PROBLEM STATEMENT —
Somewhere below is a line with "اعمال الشبوك بأنواعها" and, later, a line with "ORSINA Animalier Skirt - Green"; repeat those two lines and all the lines between them, exactly as they are.

EXTRACTED MATERIAL —

BEGIN

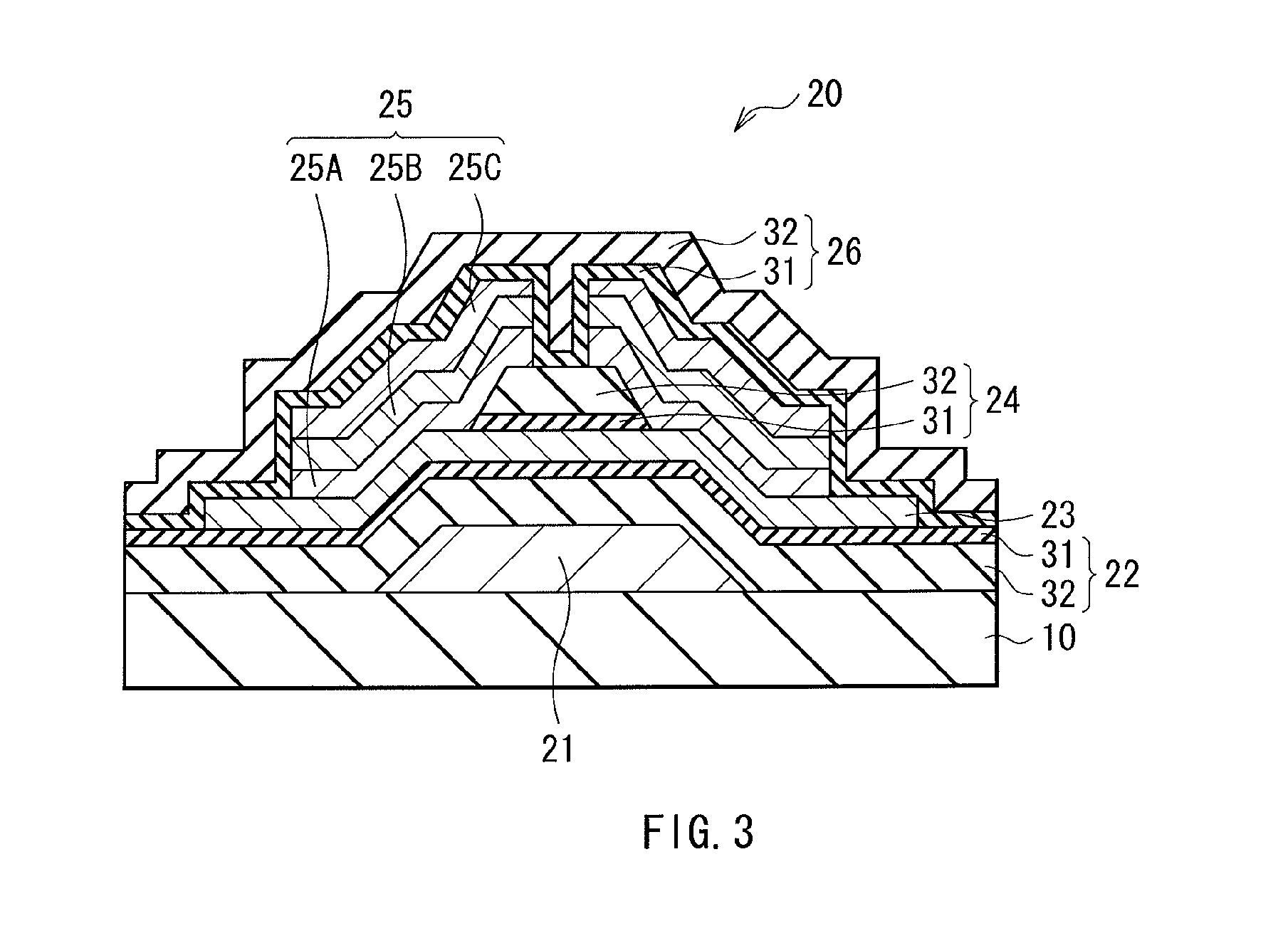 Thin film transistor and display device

END
BEGIN

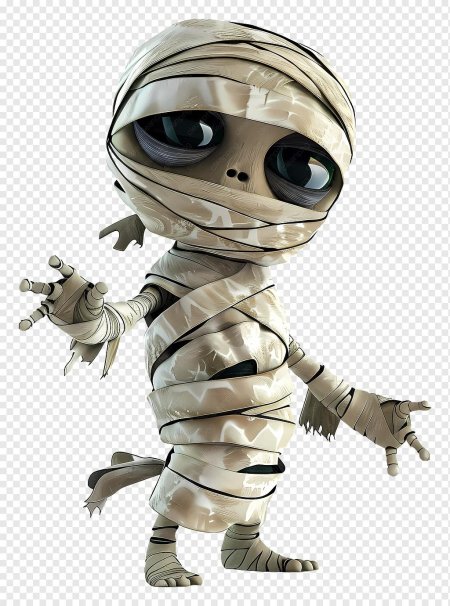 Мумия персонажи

END
BEGIN

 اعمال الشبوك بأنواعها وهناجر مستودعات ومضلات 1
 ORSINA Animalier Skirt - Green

END

REPLY TO THE EXERCISE —
 اعمال الشبوك بأنواعها وهناجر مستودعات ومضلات 1
 ORSINA Animalier Skirt - Green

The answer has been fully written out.